[Opening TASK INPUTS section]
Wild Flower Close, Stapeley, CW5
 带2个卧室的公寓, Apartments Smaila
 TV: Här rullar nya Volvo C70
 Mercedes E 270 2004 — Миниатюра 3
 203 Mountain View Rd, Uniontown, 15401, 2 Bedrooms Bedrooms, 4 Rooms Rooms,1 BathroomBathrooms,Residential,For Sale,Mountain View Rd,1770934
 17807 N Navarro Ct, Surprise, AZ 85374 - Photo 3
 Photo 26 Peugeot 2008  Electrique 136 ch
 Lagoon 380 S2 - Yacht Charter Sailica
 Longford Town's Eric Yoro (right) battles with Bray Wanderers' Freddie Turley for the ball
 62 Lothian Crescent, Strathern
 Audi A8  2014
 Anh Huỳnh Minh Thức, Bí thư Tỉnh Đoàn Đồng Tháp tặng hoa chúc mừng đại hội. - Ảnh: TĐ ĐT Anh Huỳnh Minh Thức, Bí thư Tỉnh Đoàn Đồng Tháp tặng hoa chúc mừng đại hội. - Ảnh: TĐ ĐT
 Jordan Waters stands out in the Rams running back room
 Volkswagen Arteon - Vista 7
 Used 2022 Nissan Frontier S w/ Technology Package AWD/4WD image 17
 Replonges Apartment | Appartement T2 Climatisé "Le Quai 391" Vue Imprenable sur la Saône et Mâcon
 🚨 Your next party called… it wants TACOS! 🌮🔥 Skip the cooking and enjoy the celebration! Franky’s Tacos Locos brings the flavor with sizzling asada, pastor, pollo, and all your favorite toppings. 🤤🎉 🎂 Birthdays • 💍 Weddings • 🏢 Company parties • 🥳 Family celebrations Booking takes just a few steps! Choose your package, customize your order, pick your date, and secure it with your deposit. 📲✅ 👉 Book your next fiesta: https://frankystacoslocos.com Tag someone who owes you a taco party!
[Closing TASK INPUTS section]
PROBLEM STATEMENT
Among the records above, repeat exactly the line with "带2个卧室的公寓, Apartments Smaila", the line with "Replonges Apartment |", and every line in between, and only those.

REPLY
 带2个卧室的公寓, Apartments Smaila
 TV: Här rullar nya Volvo C70
 Mercedes E 270 2004 — Миниатюра 3
 203 Mountain View Rd, Uniontown, 15401, 2 Bedrooms Bedrooms, 4 Rooms Rooms,1 BathroomBathrooms,Residential,For Sale,Mountain View Rd,1770934
 17807 N Navarro Ct, Surprise, AZ 85374 - Photo 3
 Photo 26 Peugeot 2008  Electrique 136 ch
 Lagoon 380 S2 - Yacht Charter Sailica
 Longford Town's Eric Yoro (right) battles with Bray Wanderers' Freddie Turley for the ball
 62 Lothian Crescent, Strathern
 Audi A8  2014
 Anh Huỳnh Minh Thức, Bí thư Tỉnh Đoàn Đồng Tháp tặng hoa chúc mừng đại hội. - Ảnh: TĐ ĐT Anh Huỳnh Minh Thức, Bí thư Tỉnh Đoàn Đồng Tháp tặng hoa chúc mừng đại hội. - Ảnh: TĐ ĐT
 Jordan Waters stands out in the Rams running back room
 Volkswagen Arteon - Vista 7
 Used 2022 Nissan Frontier S w/ Technology Package AWD/4WD image 17
 Replonges Apartment | Appartement T2 Climatisé "Le Quai 391" Vue Imprenable sur la Saône et Mâcon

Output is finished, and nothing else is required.